**Source material**
↓↓↓

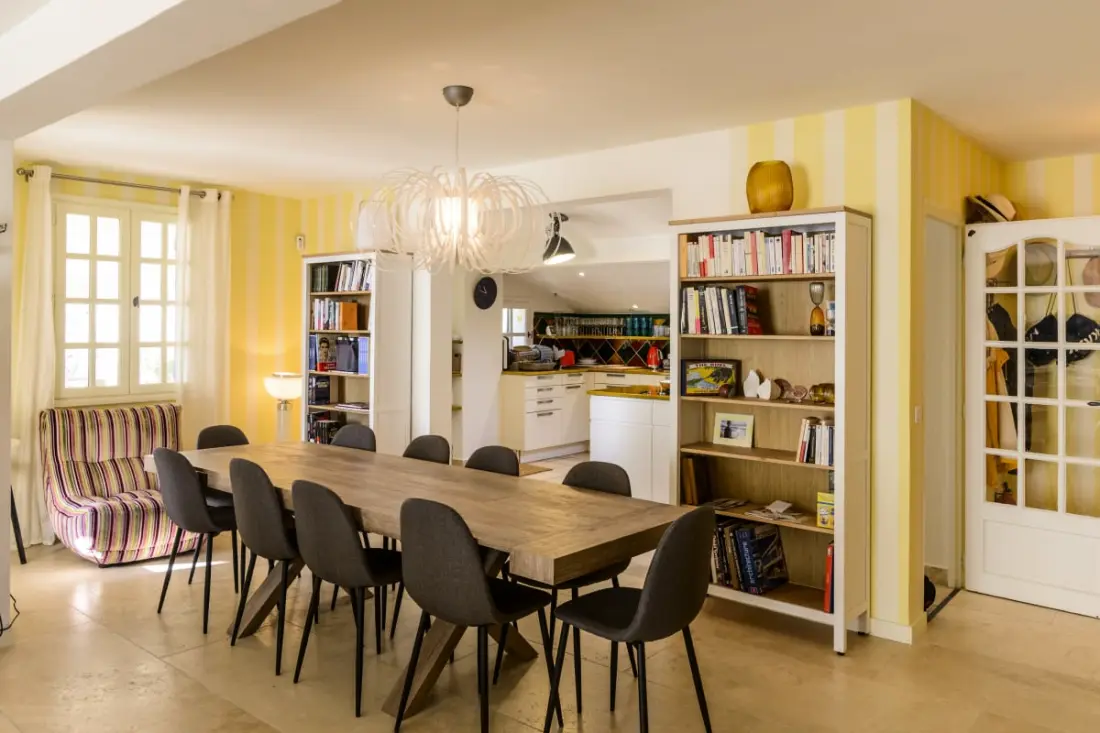 Családi ház A Luberon szívében medencével és panorámás kilátásokkal
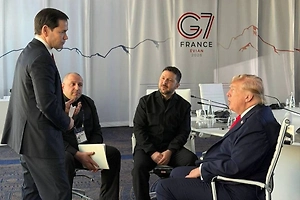 Зеленский похвастался фото с Трампом со встречи на полях G7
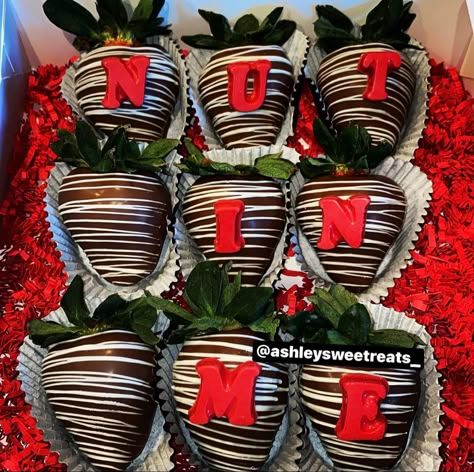 Valentine Chocolate Covered Strawberries, Chocolate Covered Desserts, Valentine Strawberries, Strawberry Box, Chocolate Covered Strawberry Recipe, Chocolate Covered Strawberries Bouquet, Strawberry Gifts, Valentines Gift Box, Chocolate Covered Treats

↑↑↑

**Exercise requirements**
Take the line containing "Зеленский похвастался фото" and all lines after it to the end of the data above, and reproduce them exactly, leaving out pictures. Nothing else belongs in the copy.

**Problem solution**
 Зеленский похвастался фото с Трампом со встречи на полях G7
 Valentine Chocolate Covered Strawberries, Chocolate Covered Desserts, Valentine Strawberries, Strawberry Box, Chocolate Covered Strawberry Recipe, Chocolate Covered Strawberries Bouquet, Strawberry Gifts, Valentines Gift Box, Chocolate Covered Treats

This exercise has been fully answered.